MJ Akbar: in #Me Too Era, Shade of Swords Takes on Dark Connotation

<CALCUTTA>

MJ Akbar, a former journalist and renowned editor, credited with almost singlehandedly putting The Telegraph on the map in the 1980s, has become a frequent name floating on the internet since the recent eruption of the #MeToo movement in India.

The Minister of State for External Affairs in the Union cabinet, upon returning from Nigeria mentioned that a statement would be forthcoming. The opposition parties are clamouring for his resignation, and hope the statement would be to that effect.

Even before the movement took up momentum, Akbar’s misbehaviour was well-known in media circles. “He was always after my mum,” an old anchor friend of mine once told me. “He rated her the among the ten most beautiful women in India, and took every opportunity to pursue her!”

“He’s notorious,” said another female journalist who worked with him on The Asian Age. She ultimately left because when she faced some legal difficulties, Akbar refused to back her because, according to her, she had rebuffed his advances.

So far, nine journalists in the recent wave have called out the now Rajya Sabha member and the Minister of State for External Affairs, who has also previously held various positions in multiple news media organisations, including The Telegraph, Asian Age and India Today.

The most recent of his woes comes from US-based journalist Majlie de Puy Kamp who works for CNN. She says she was sexually harassed by Akbar in 2007 when she was an 18-year-old intern.

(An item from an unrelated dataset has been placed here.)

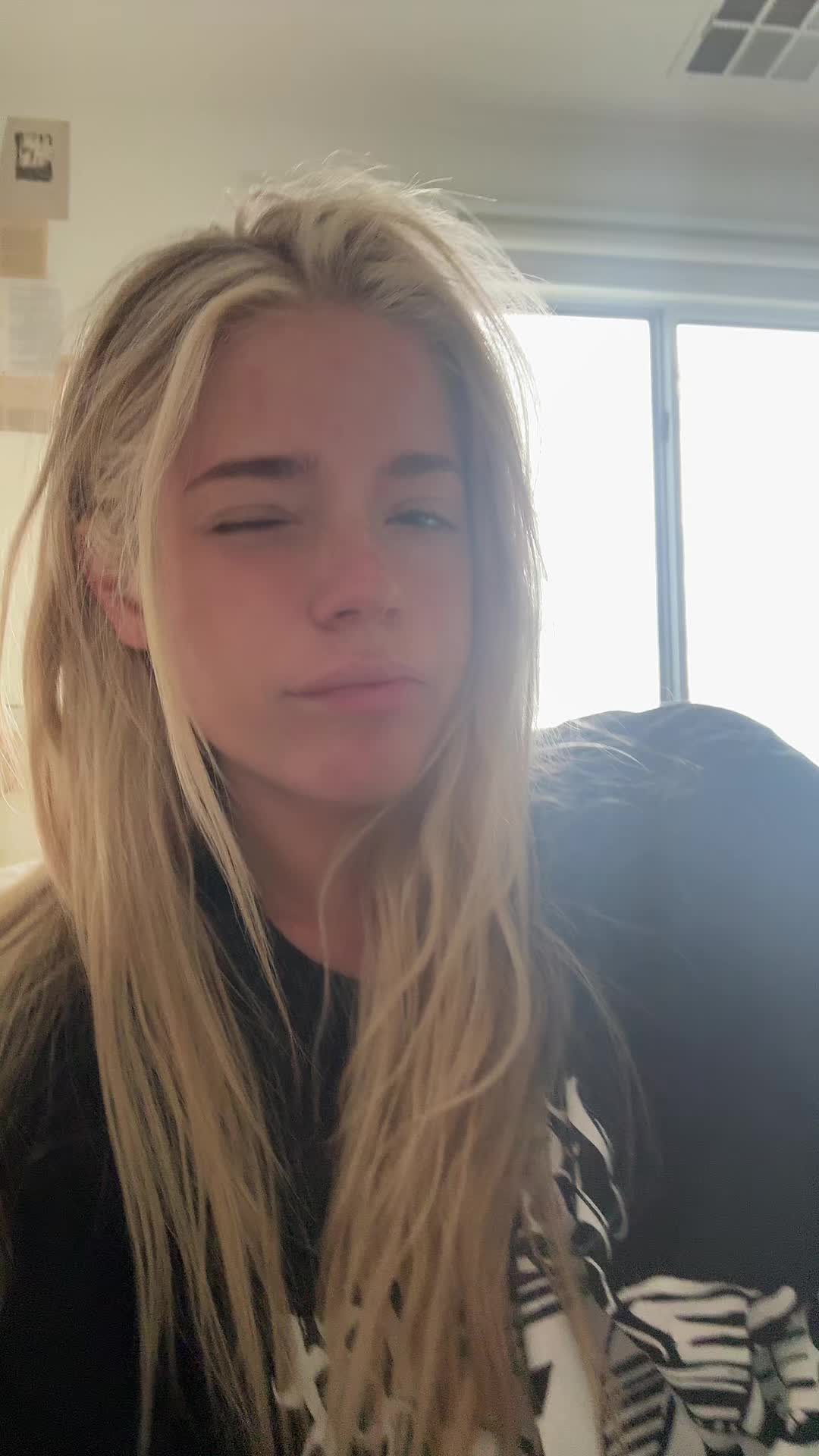 @chlo💫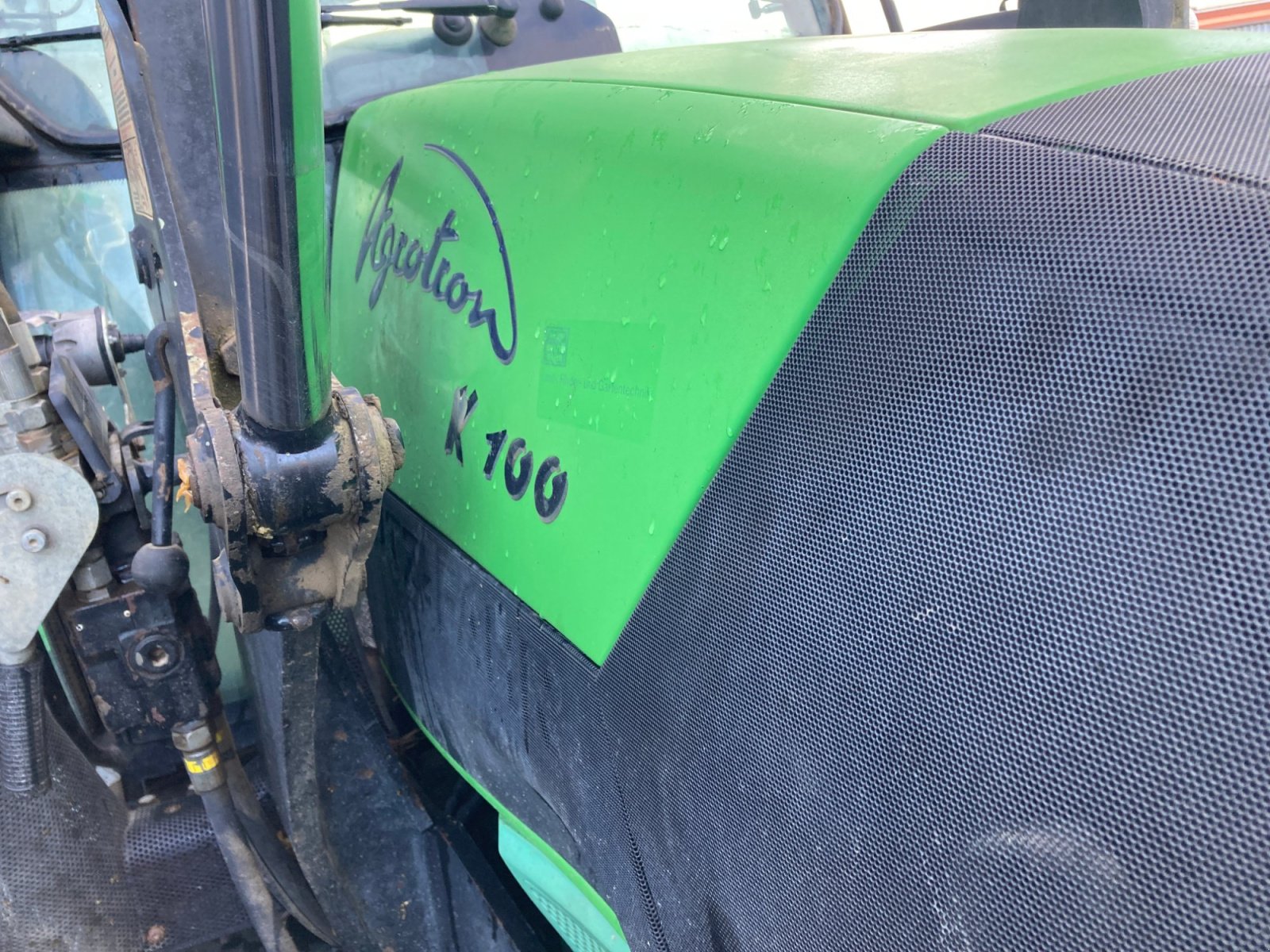 Traktor от тип Deutz-Fahr Agrotron K 100, Gebrauchtmaschine в Wülfershausen an der Saale (Снимка 7)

As per a report by Huffington Post, Kamp was interning at the Asian Age newspaper under Akbar. The incident happened on the last day of her internship when she went to Akbar to thank him for the opportunity.

She said that as she extended her hand for gratitude Akbar “grabbed her right under [her] shoulders, on [her] arms. [He] pulled me in and kissed me on my mouth and forced his tongue into my mouth, and I just stood there, she said.

Sharing the incident on Twitter as well, Kamp wrote: “I extended my hand to him in gratitude, he shoved his 55-year-old tongue down my 18-year-old throat.”

These survivors’ accounts paint a stomach-churning pattern to his sexual abuse – set up job interviews with aspiring women journalists in hotel rooms, repeatedly call them to his office cabin for meaningless conversation and chatter, entice them with major stories, send them out of the workplace and meet them at a hotel at odd hours.

True to Harvey Weinstein form, the interviews were scheduled at hotel rooms

One of the first survivors of workplace sexual harassment to bring MJ Akbar’s name to the fore, Priya Ramani, a journalist formerly with India Today, The Indian Express and Mint, first wrote about her encounter with him a year ago. She did not expose his name then but dubbed him as a ‘male editor’ who behaved inappropriately, in an account titled Dear Male Boss.

 

As the #MeToo Movement began to gain momentum in October 2017, Priya now made it clear that the detailed account in Vogue, was about Akbar’s misconducts.

 

In the 1994 incident, she recounts how MJ Akbar interviewed her in a luxury south Mumbai hotel, offered her a drink (which she refused), asked her to sit next to him on the bed and even sang her romantic Hindi songs after enquiring her musical preferences.

 

In her account, she also goes on to talk about the nature of power dynamics in professional spaces and how she continued working with Akbar for several years but swore never to be alone in a room with him ever again.

 

Incidentally, she had ended her 2017 account saying, “We’ll get you all one day.”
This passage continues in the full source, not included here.